Friday, June 12, 2009

pureXML performance tip: A sequence of good indices...

When you have indexes you want your dbms of choice use them as efficiently as possible - even with XQuery involved. However, SQL and XQuery can be complicated and sometimes a helping hand is needed to aid the compiler/optimizer making the right decisions. Today I am going to show you how to make use of XQuery semantics to simplify a query and at the same time getting query plans with index ANDing to work. Special thanks to my colleague Matthias Nicola, author of the DB2 pureXML Cookbook, for the base idea.

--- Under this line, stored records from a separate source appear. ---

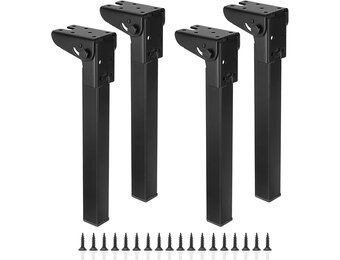 Klaptafelpoten IJzer 25cm - 4 Stuks - Nu met 28% Korting!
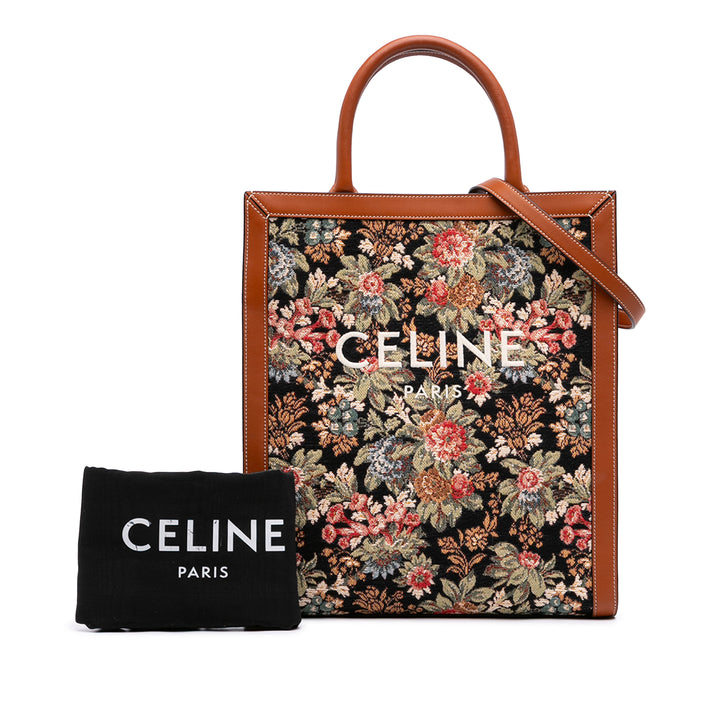 Celine Small Jacquard Cabas vertical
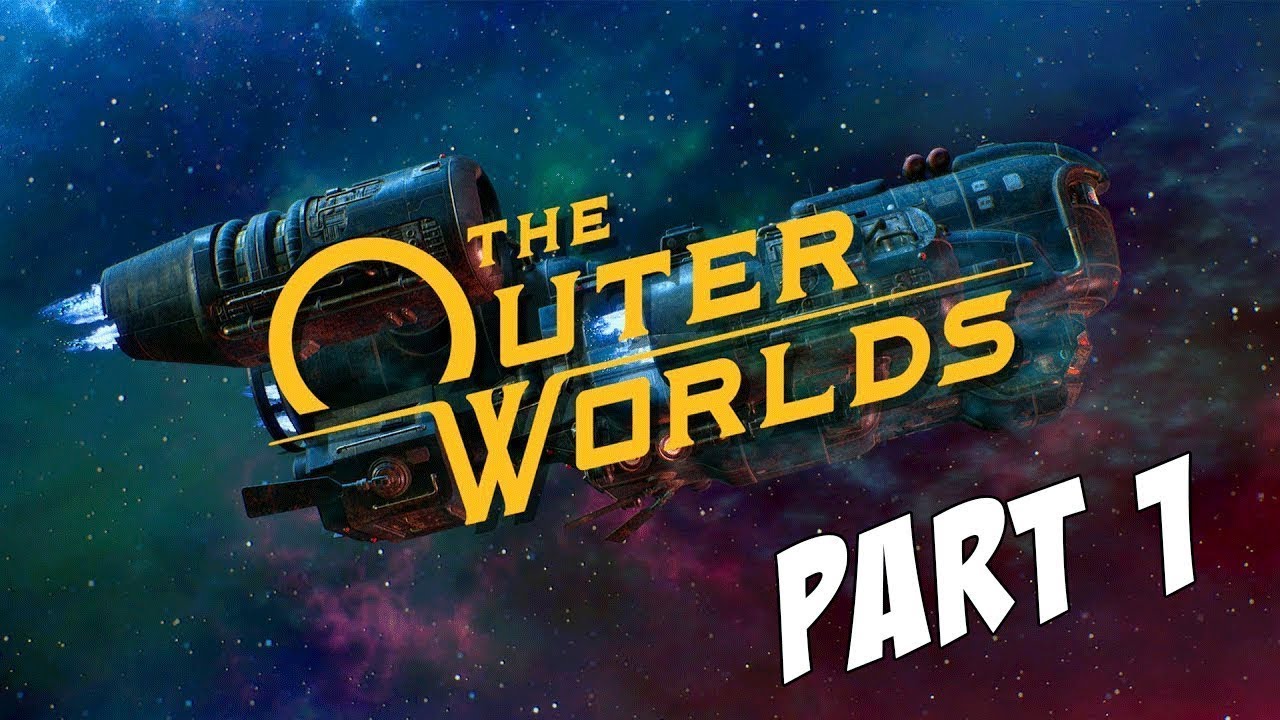 Let's Play THE OUTER WORLDS, Part I Blind, With The Mediocre Vampire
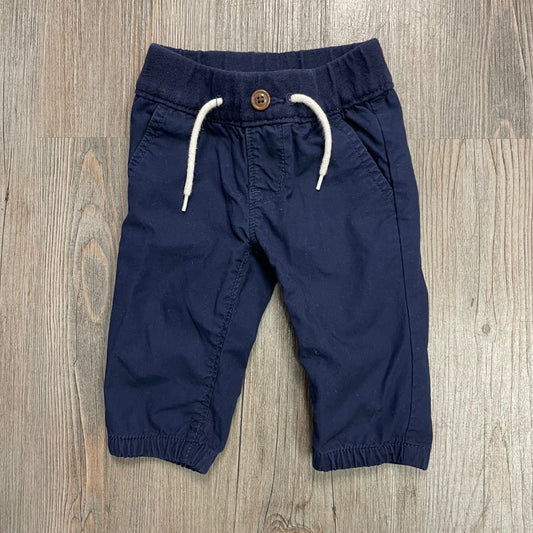 Navy Gap Elastic Waist Pants, 3-6M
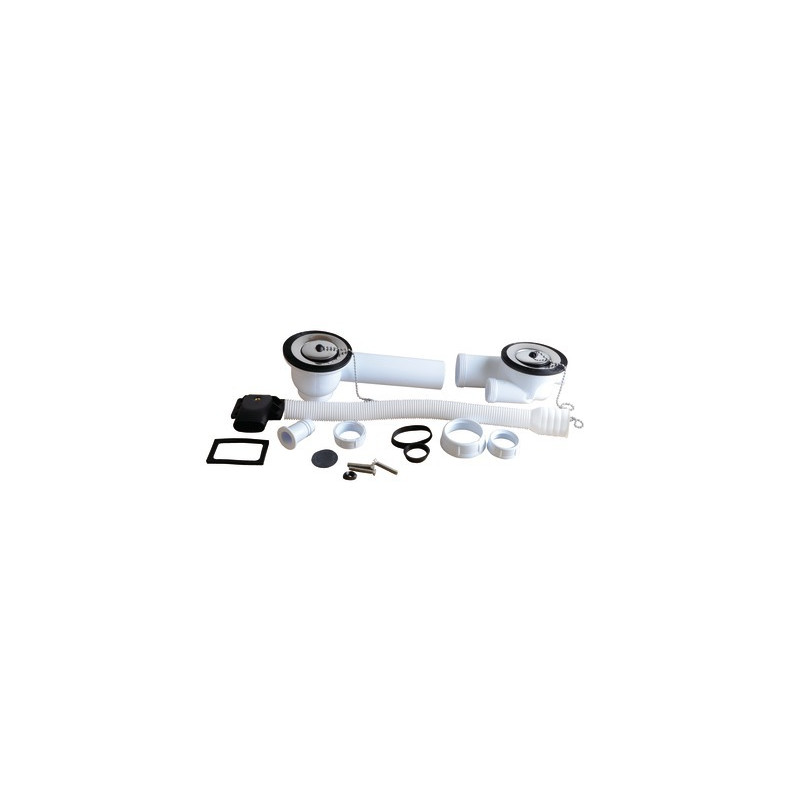 Bonde et vidage plastique Ø70- NICOLL - 0204310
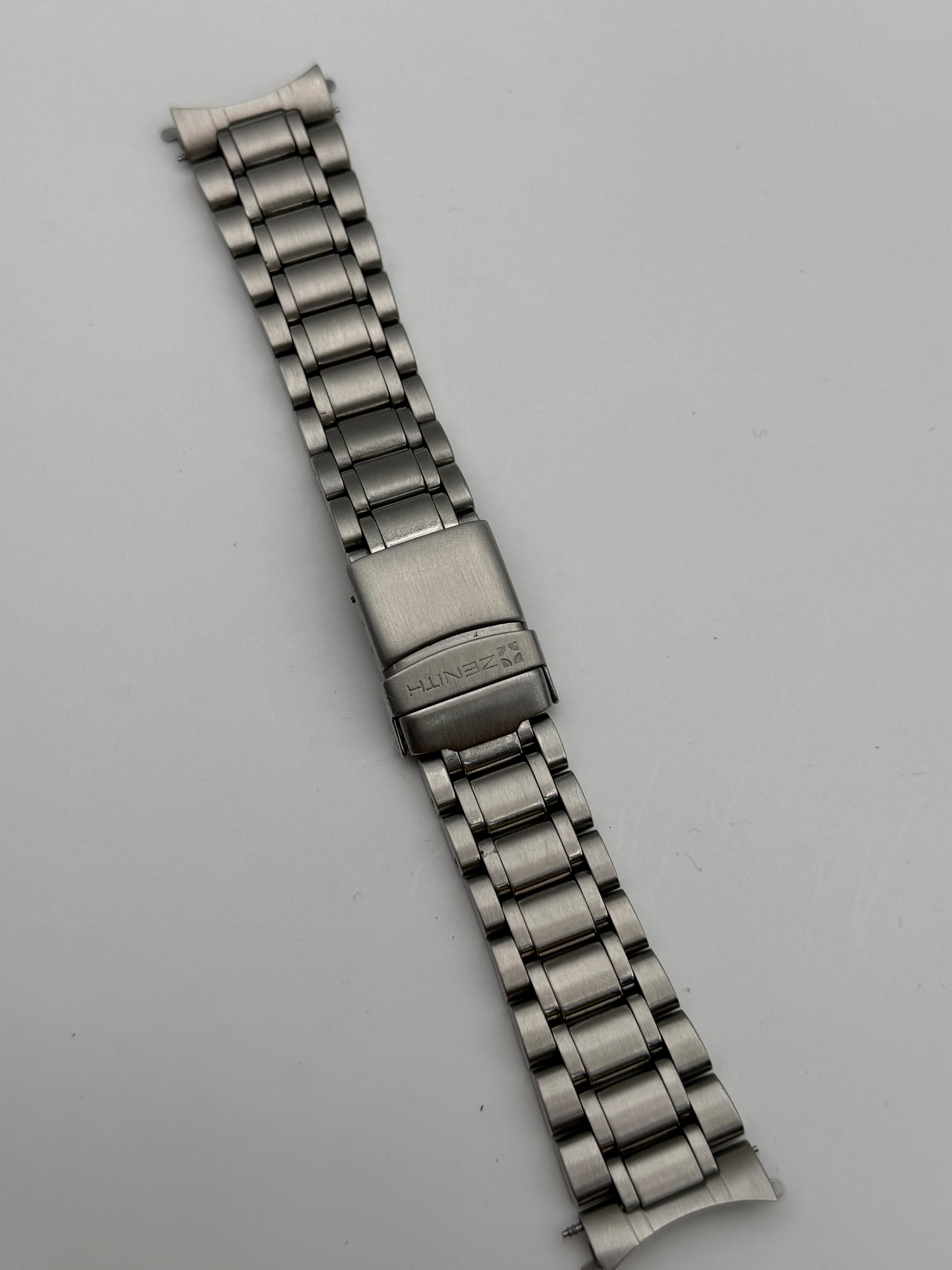 zenith el primero de luca 22mm chronograph bracciale bracelet steel
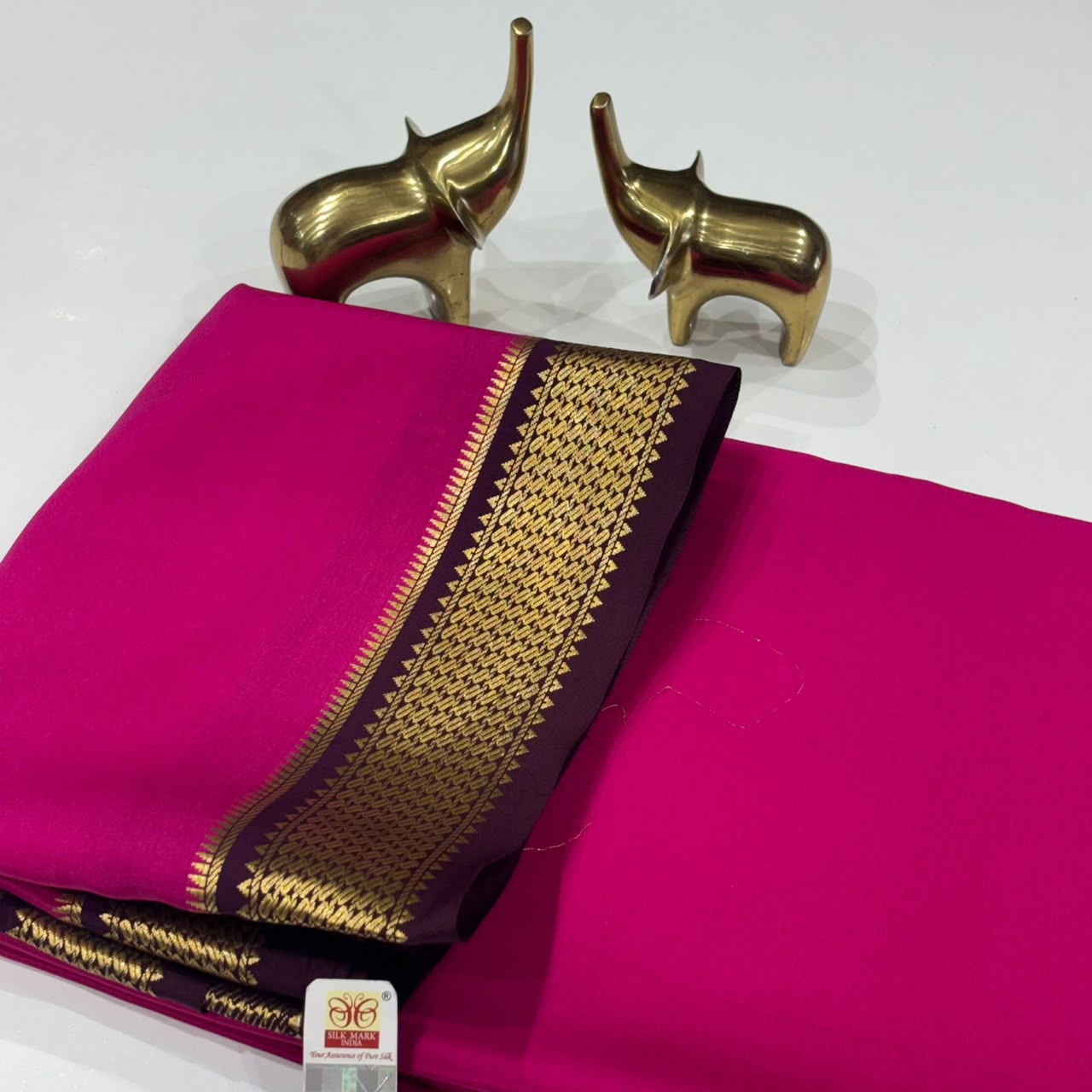 Pure Mysore Crepe Silk Saree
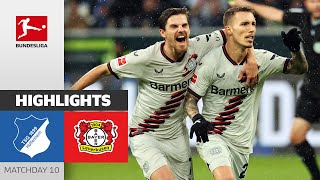 Leverkusen Keeps Marching On  Hoffenheim  Leverkusen 23  Highlights  Matchday 10 – Bundesliga [upl. by Hcra]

For the query examples below I will use the DB2 sample database which includes XML data. The table CUSTOMER already has a couple XML indices defined, including one on the "Cid" attribute and the customer "name". You can look into the system catalog by trying something like:

select indname,pattern from syscat.indexxmlpatterns where indname in (select indname from syscat.indexes where tabname='CUSTOMER');

The following might not be an interesting query in itself, but it nicely demonstrates what I wanted to show you.

select * from customer
where
(xmlexists('declare default element namespace "http://posample.org";
$INFO/customerinfo[@Cid=1000]')

or
xmlexists('declare default element namespace "http://posample.org";
$INFO/customerinfo[@Cid=1002]'))

and
xmlexists('declare default element namespace "http://posample.org";
$INFO/customerinfo[name="Kathy Smith"]');


Basically, the query is written in the regular SQL style. We are ORing two predicates on the same path (or column), then ANDing a predicate on another path. Because we have two matching indexes, we would expect index ANDing in the plan. Using EXPLAIN we can see that this is not the case.

select * from customer
where xmlexists('declare default element namespace "http://posample.org"; $INFO/customerinfo[(@Cid=1000 or @Cid=1002) and name="Kathy Smith"]');


Even rewriting the query in a more elegant and shorter way as shown above doesn't result in index ANDing. What we can do now, is to make use of the fact that XQuery's General Comparisons utilize existential semantics, i.e., if one matching item is found, all is true. Instead of ORing comparisons on the "Cid" attribute, we compare that attribute against a constructed sequence of values. Semantically it is the same, but it is simpler for the optimizer.

select * from customer
where
xmlexists('declare default element namespace "http://posample.org";
$INFO/customerinfo[@Cid=(1000,1002)]')

and
xmlexists('declare default element namespace "http://posample.org";
$INFO/customerinfo[name="Kathy Smith"]')
;

select * from customer
where
xmlexists('declare default element namespace "http://posample.org";
$INFO/customerinfo[@Cid=(1000,1002) and name="Kathy Smith"]');


For each of two above queries indexes on "Cid" and "name" are picked and combined using index ANDing (IXAND operator). Simple idea, huge impact.